617 - In memoriam J.-M. (6)
Le 3 août 1988
Bonjour,
Moi et mes bonnes idées ! Parce que j’avais décidé de rallier Khao Yai, une réserve naturelle aux forêts à peine touchées par l’homme » (dixit le guide Marcus) pour chercher fraîcheur et altitude (certains — beaucoup — sont de la mer quand je suis, pour ma part, de la montagne), j’ai quitté Phimaï tôt le matin. Trajets dans des bus bondés, de Phimaï à Nakhon Ratchisma, puis de Nakhon Ratchisma à Pak Chong. Il était presque 14 heures quand je suis arrivé dans cette dernière ville, grandement soulagé de me débonder de ces bus, mais affamé… Aussi ai-je erré de « restaurant » en « restaurant », sans trouver âme qui parlât anglais, ni même de menu transcrit dans cette langue.
J’ai fini par entrer dans une banque, mais j’ai rencontré les mêmes obstacles linguistiques. On m’a finalement trouvé un employé parlant anglais. Je me suis fait expliquer comment aller à Khao Yai et fait écrire en thaï le nom d’un plat pour manger. Là, j’ai su que la navette entre Pak Chong et Khao Yai ne partait qu’à 17 heures. J’avais donc quelques heures devant moi à piétiner…
Ai mangé, fait quelques emplettes — du repellent pour les moustiques, un jean à 48 F imitant la coupe et le “design” d’un Levis (mais sans le nom de la marque) à ma longueur de jambes, fait sans précédent et dispensant d’un ourlet ! —, consommé quelques pâtisseries dans une gargote chinoise, bu beaucoup, tout ceci pour faire passer le temps.
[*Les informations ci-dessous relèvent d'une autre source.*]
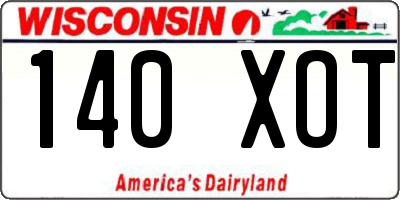 WI license plate 140XOT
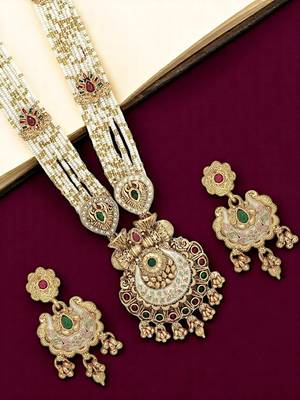 Gold plated meenakari seed beads long necklace set 1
Vers 16 heures 45, je suis monté à l’arrière d’un camion aménagé de bancs, me retrouvant en compagnie d’écoliers — surtout d’écolières, en fait, et particulièrement bruyantes, qui, dans l’attente du départ, mangeaient, buvaient toutes sortes de choses très odorantes et non identifiées. Il a commencé à pleuvoir…
Enfin, nous avons démarré. Nous n’avions fait que deux ou trois kilomètres tout au plus que mes perruches jacassantes à l’appétit farouche s’étaient toutes assoupies ! Telles des quilles mises à bas, elles dormaient, la tête repliée sur leurs genoux ou sur les épaules de leur voisine. On eût dit des pantins abattus par le feu d’une mitraille… Le camion à demi bâché sous la pluie appuyait encore cette image soldatesque…
On m’a débarqué une trentaine de kilomètres plus loin devant un baraquement du T.A.T. (Tourism Authority of Thailand). Entre-temps, j’avais déjà remarqué des pelouses, un terrain de golf de la surface de Longemer, etc. Je commençais à trouver peu sauvage cette nature fort domestiquée. Et cette pluie longue, toujours…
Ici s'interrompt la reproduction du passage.